Again, ecommerce platforms that provide analytics capabilities will improve the results of your analysis while making the process far more efficient. However, Google Ads has a number of analytics features that you can use by default to understand how different Shopping ads are performing and see trends across your entire campaign.

As time goes on, you can use the data to refine your product listings. Whether it’s replacing images of products that convert poorly or swapping the priority of keywords in your titles, there’s a lot that can change over the course of your campaign.

6. BONUS: Make sure that your product listing strategy aligns with your entire ecommerce campaign

It’s wise to ensure that your Google Shopping strategy aligns with your entire ecommerce campaign. This is to ensure that you bid correctly and convert your leads into effective sales. This is where it’s useful to categorise your products and ad groups to ensure your bids aren’t going to waste and also to ensure that your business goals are being reached.

A Google Shopping strategy requires a lot of time and resources, but there are other ecommerce platforms that could be beneficial to your needs. You need to be on Amazon, eBay, Instagram Shopping and Facebook — along with maintaining your own website’s product listings. That means making sure that all of your time is not spent on Google Shopping and you are coordinating the products you are pushing on Google Shopping with broader strategies that encompass all of these channels.

When used together with your Google Shopping product listings, ecommerce platforms can be a powerful tool to synchronize all of the data and information across multiple platforms, and automation gives you more free time to focus on your campaign. What is critical, however, is building a central data repository from which you can coordinate and synchronize all elements of your campaign.

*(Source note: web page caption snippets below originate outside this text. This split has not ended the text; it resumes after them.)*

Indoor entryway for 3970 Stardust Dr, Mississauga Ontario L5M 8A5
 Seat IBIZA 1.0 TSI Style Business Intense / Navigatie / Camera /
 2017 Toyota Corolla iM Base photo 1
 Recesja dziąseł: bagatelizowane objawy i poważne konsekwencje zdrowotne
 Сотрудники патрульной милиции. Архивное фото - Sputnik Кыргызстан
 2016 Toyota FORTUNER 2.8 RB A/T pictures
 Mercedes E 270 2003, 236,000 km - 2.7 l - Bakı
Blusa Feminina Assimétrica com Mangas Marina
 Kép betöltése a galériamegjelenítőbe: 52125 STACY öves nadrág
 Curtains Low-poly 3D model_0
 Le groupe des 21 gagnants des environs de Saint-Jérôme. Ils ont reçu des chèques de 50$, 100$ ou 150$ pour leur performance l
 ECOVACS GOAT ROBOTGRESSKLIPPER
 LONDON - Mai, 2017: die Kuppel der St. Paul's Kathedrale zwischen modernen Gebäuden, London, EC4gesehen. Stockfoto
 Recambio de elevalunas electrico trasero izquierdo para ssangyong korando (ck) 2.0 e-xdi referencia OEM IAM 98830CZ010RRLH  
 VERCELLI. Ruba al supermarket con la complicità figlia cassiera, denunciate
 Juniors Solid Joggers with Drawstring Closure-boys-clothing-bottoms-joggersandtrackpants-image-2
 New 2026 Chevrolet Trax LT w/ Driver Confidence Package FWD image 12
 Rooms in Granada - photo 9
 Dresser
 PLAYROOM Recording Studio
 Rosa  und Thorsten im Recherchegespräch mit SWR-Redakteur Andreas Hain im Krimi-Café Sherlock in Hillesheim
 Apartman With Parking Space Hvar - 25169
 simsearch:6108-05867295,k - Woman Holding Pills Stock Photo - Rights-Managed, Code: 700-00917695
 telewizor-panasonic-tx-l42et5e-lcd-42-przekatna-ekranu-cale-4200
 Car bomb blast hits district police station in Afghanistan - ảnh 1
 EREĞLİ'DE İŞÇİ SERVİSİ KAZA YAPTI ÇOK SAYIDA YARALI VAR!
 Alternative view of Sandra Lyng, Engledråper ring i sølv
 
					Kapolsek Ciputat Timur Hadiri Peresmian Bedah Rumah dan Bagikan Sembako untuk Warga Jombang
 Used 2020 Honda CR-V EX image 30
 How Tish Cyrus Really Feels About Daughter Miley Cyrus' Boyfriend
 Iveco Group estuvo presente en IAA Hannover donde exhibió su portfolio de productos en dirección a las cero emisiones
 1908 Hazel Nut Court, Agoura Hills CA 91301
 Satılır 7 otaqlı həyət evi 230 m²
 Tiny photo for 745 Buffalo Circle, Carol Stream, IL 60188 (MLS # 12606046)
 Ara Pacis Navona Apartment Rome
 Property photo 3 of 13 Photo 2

Once your data needs are under control, you will have the chance to be more creative with your marketing campaigns, such as focusing on creating compelling titles and product descriptions or investing more money into ad spend. Getting all of this right on a business-wide level is crucial to your success online. However, making sure that your Google Shopping products listings are optimised is a vital step in that process and strategy. Make sure you do it right!